» What to work on: Exclude all pictures, and reproduce exactly the lines from the one containing "Here is Tokyo" through the end of the records, with nothing else added.

» Material for the task:
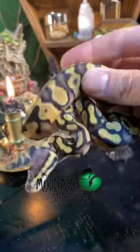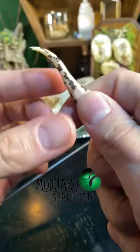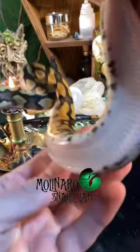Is this a male or female? I'm going to show you a common way breeders identify ball pythons. The technique is called popping. When I apply gentle pressure, you could see two hemipenes pop out, meaning this one's a boy.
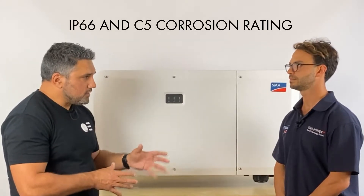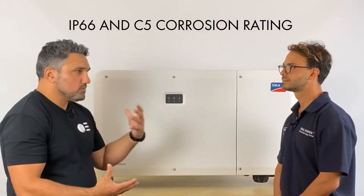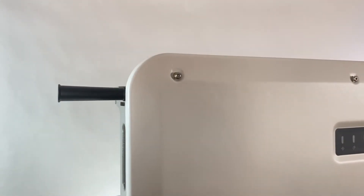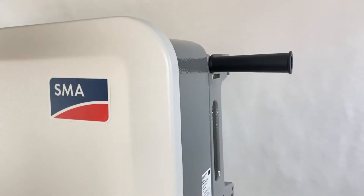I noticed there's an IP66 anti-corrosion rating — can you give us a bit more detail? The unit is IP66 rated and also C5 corrosion rated, which gives you a lot of options in terms of where you place this inverter. Anywhere near the coastline or in an outdoor environment, you can place the unit knowing it's going to work absolutely fine.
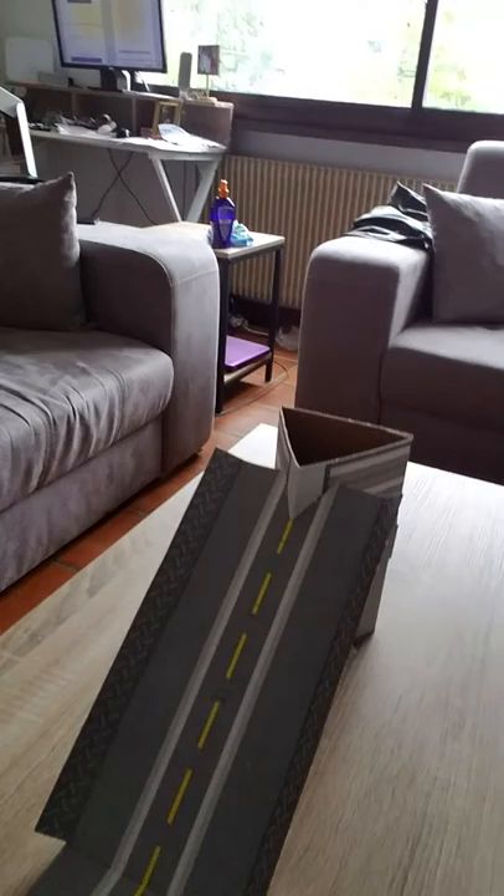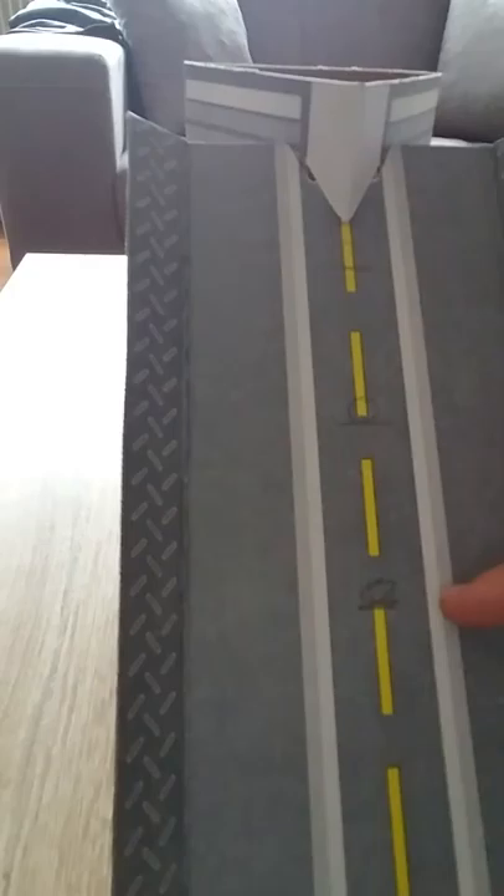Nothing too interesting happening. I'm just going to show you how I set up my experiment. I set the ramp on my table as you can see. I've got three different measuring points: one right here, one right here, one right here.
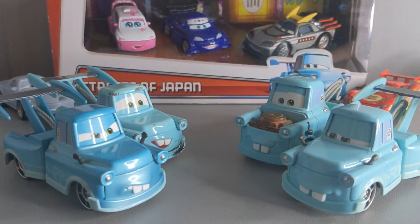Here is Tokyo Mater next to a bunch of other variations from the short. The San Diego Comic Con version is on your left with the oil stains, and on the right is the broken damaged version — both of which were released by Mattel.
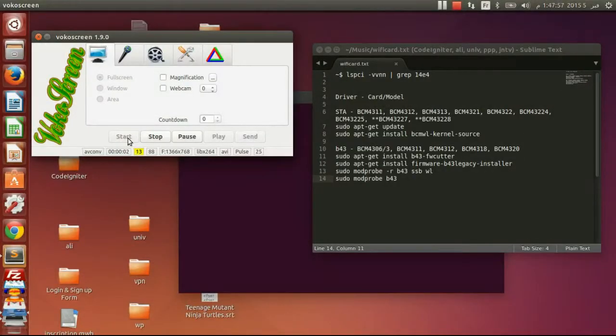Hi guys, on Sticky Dots, this is Safe with you, and today I'm going to show you a tutorial requested by one of my subscribers on YouTube, which is how to install Wi-Fi cards on Linux distros. This tutorial I think will work on every Linux distro — I've tried it in Ubuntu and also in Kali Linux.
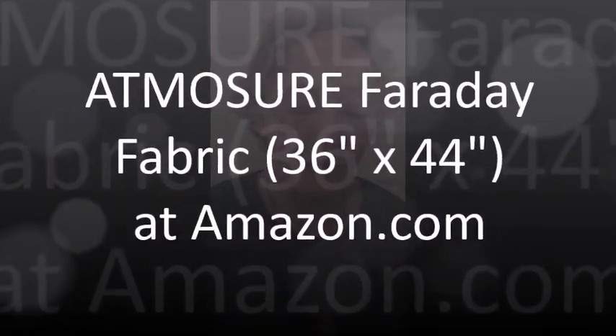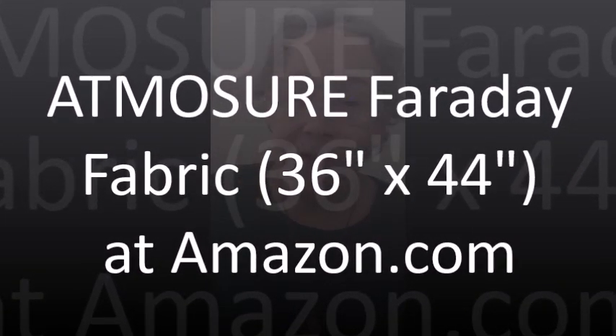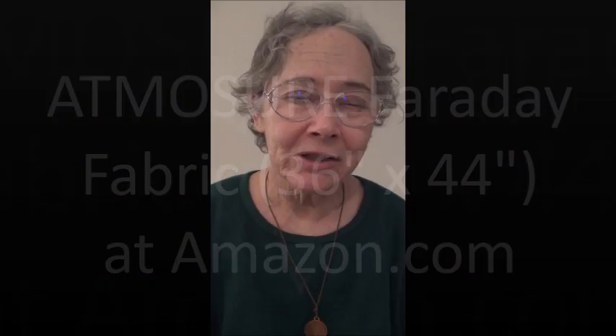By purchasing this product that I found on Amazon, which seems to be working much better than copper fabric for me right now — there's a Faraday fabric by a company called Atmosure, A-T-M-O-S-U-R-E. It's sold on Amazon for $25 or $30. It's just the right size, 36 inches by 40-some inches, to drape over your router to prevent leakage of Wi-Fi.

» Task solution:
Here is Tokyo Mater next to a bunch of other variations from the short. The San Diego Comic Con version is on your left with the oil stains, and on the right is the broken damaged version — both of which were released by Mattel.
Hi guys, on Sticky Dots, this is Safe with you, and today I'm going to show you a tutorial requested by one of my subscribers on YouTube, which is how to install Wi-Fi cards on Linux distros. This tutorial I think will work on every Linux distro — I've tried it in Ubuntu and also in Kali Linux.
By purchasing this product that I found on Amazon, which seems to be working much better than copper fabric for me right now — there's a Faraday fabric by a company called Atmosure, A-T-M-O-S-U-R-E. It's sold on Amazon for $25 or $30. It's just the right size, 36 inches by 40-some inches, to drape over your router to prevent leakage of Wi-Fi.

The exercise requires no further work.